Almeta is a third-generation ordained Baptist minister, graduating from the Evans Smith Institute of the Samuel DeWitt Proctor School of Theology at Virginia Union University. In December 2020, she received an honorary Doctor of Sacred Music (D.S.M.) degree from Higher Learning Bible Institute and International Seminary.

Andrew Alli

Richmond, Virginia

Photo: Pat Jarrett

Blues harmonica player Andrew Alli is a Richmond native and a rising star, having recently received a nomination for Best Emerging Artist by the Blues Music Association. Andrew took up music at the age of 20 after being inspired by a busker playing harmonica on the street. Deeply motivated, Andrew committed himself to learning the playing techniques and history of his newfound instrument. He soon fell in love with the blues and began studying all of the harmonica greats including Big Walter Horton, Little Walter, Sonny Boy Williamson, Junior Wells, Phil Wiggins, and many others. He draws on these great masters while also developing his own unique style. Throughout the years he has toured with Jontavious Willis, Josh Small, and dozens of other young blues musicians both domestically and abroad.

Jared Pool

Richmond, Virginia

Photo: Pat Jarrett

Jared Pool is a multi-instrumentalist who regularly plays mandolin with legendary flatpicker Larry Keel in the Larry Keel Experience among other projects. Jared grew up immersed in traditional American music through attending various fiddler’s conventions and festivals while also studying blues and rock guitar, and later earned a degree in jazz studies from Christopher Newport University. Jared has worked with the Virginia Folklife Program and Center for Cultural Vibrancy for several years on recordings and performances with the Sherman Holmes Project and The Legendary Ingramettes, and served as a musical ambassador alongside Danny Knicely and Aimee Curl on a US Department of State cultural exchange in Cabo Verde, Africa in 2017. When he is not touring, Jared teaches concepts such as technique, tone, improvisation, and music theory to students of all ages.

Jacob Eller

Chilhowie, Virginia

Photo: Pat Jarrett

Jacob began playing bass as a teenager with his Dad in the group Cleghorn. He was soon recruited by Ryan Blevins to play in the band Canebreak based in Berea, Kentucky, but Jacob liked his hometown of Chilhowie better than Berea and moved back to Southwest Virginia. He was one of the founding members, along with Stevie Barr and Amber Collins, of the popular young bluegrass group No Speed Limit. With the creation of The Crooked Road in the early 2000s, No Speed Limit became one of the ambassadors of Virginia’s Musical Heritage Trail and was soon touring the east and west coasts of the U.S., Scotland, and even playing for the new Virginia governor's inaugural concert, the president at Jamestown's 400th Anniversary celebration, and for the Queen of England in Richmond.
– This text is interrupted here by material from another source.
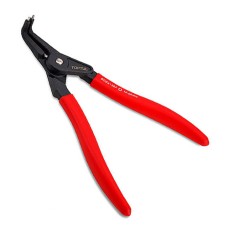 Круглогубці 7" 175мм (розтиск) загнуті посилені для зняття стопорних кілець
Jacob began playing for Sierra Hull & Highway 111 in 2008, including two weeks with Sierra in Japan playing all over the country to bluegrass loving fans of all ages. They played festivals all over the United States and Canada, including Grey Fox in New York, The National Folk Festival in Butte, Montana, Merle Fest in Wilkesboro, NC, and closer to home, Rhythm & Roots in Bristol and The Blue Plum Festival in Johnson City, TN. Jacob has also performed with the Church Sisters, the Honey Badgers, and the Sherman Holmes Project. No matter where Jacob plays, he always takes his signature smile!